To do - Each entry should be printed exactly, with its images omitted.
+ + + +
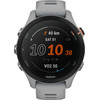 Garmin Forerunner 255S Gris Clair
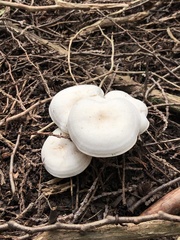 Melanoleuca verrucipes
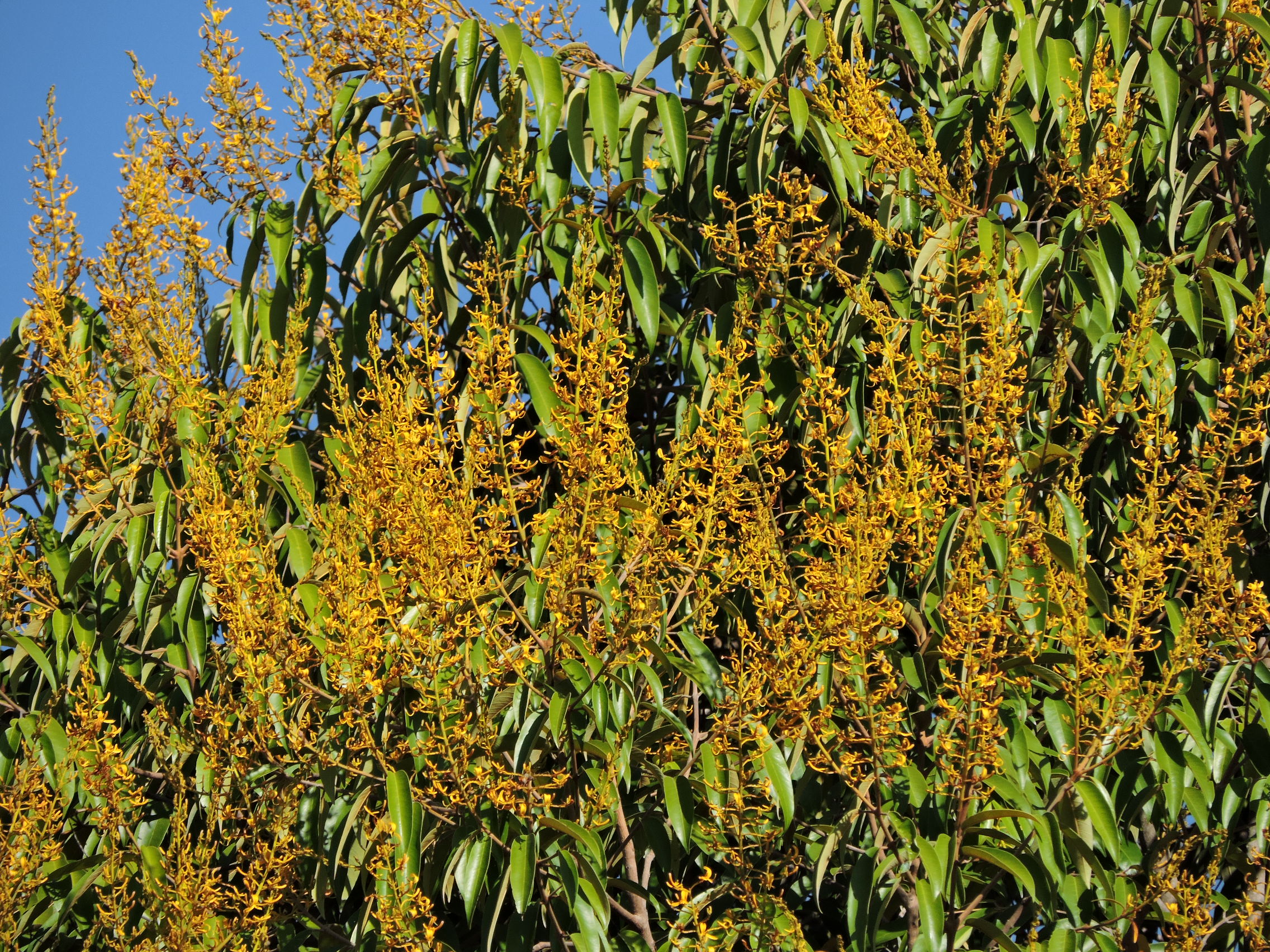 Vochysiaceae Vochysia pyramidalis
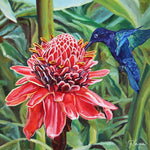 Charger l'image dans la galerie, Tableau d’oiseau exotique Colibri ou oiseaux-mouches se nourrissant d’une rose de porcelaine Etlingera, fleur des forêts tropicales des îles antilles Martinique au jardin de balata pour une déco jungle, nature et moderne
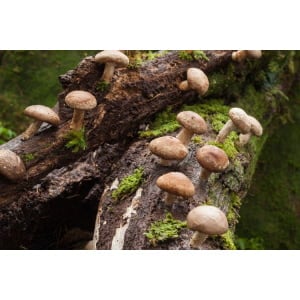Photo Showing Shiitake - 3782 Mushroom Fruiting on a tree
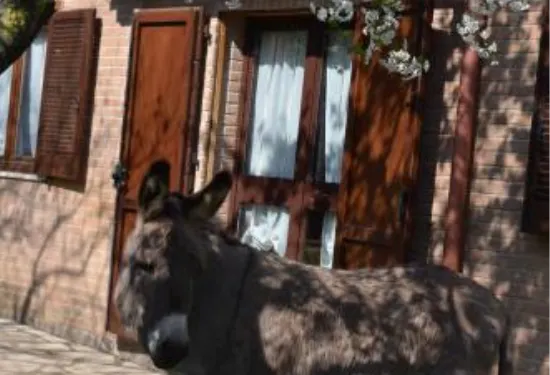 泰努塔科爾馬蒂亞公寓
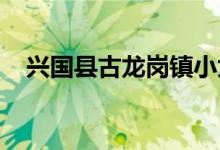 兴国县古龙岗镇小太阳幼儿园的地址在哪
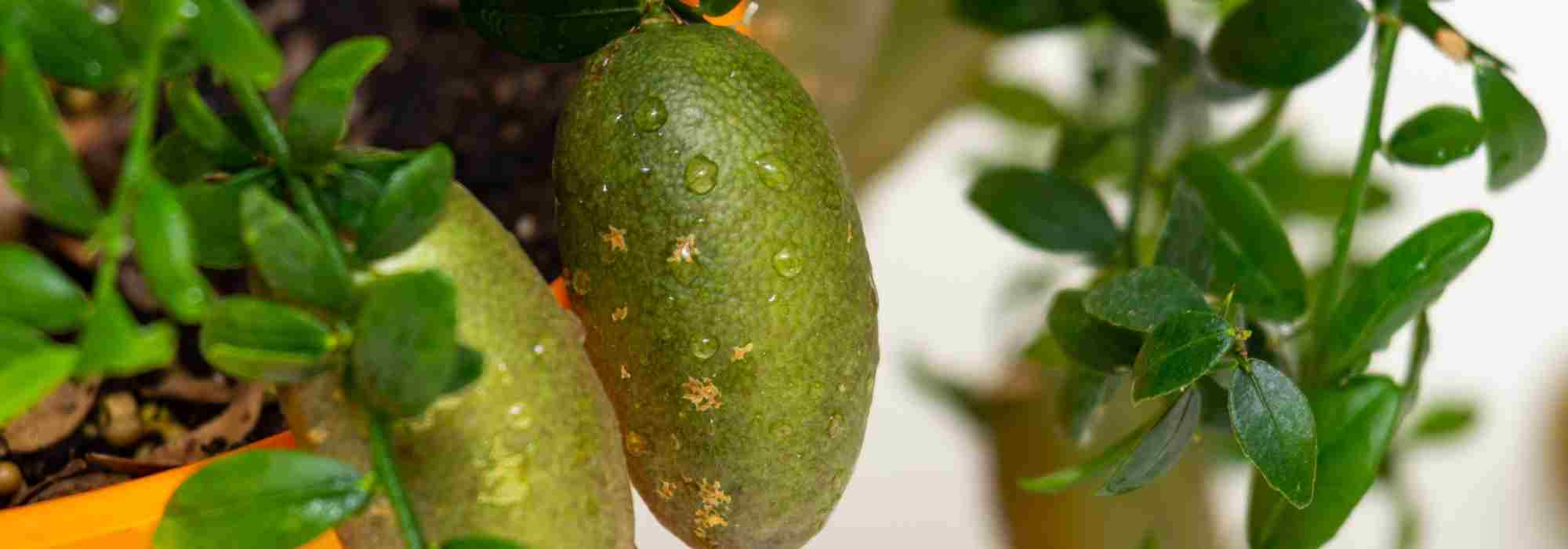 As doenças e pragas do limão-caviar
+ + + +
Problem solution -
 Garmin Forerunner 255S Gris Clair
 Melanoleuca verrucipes
 Vochysiaceae Vochysia pyramidalis
 Charger l'image dans la galerie, Tableau d’oiseau exotique Colibri ou oiseaux-mouches se nourrissant d’une rose de porcelaine Etlingera, fleur des forêts tropicales des îles antilles Martinique au jardin de balata pour une déco jungle, nature et moderne
Photo Showing Shiitake - 3782 Mushroom Fruiting on a tree
 泰努塔科爾馬蒂亞公寓
 兴国县古龙岗镇小太阳幼儿园的地址在哪
 As doenças e pragas do limão-caviar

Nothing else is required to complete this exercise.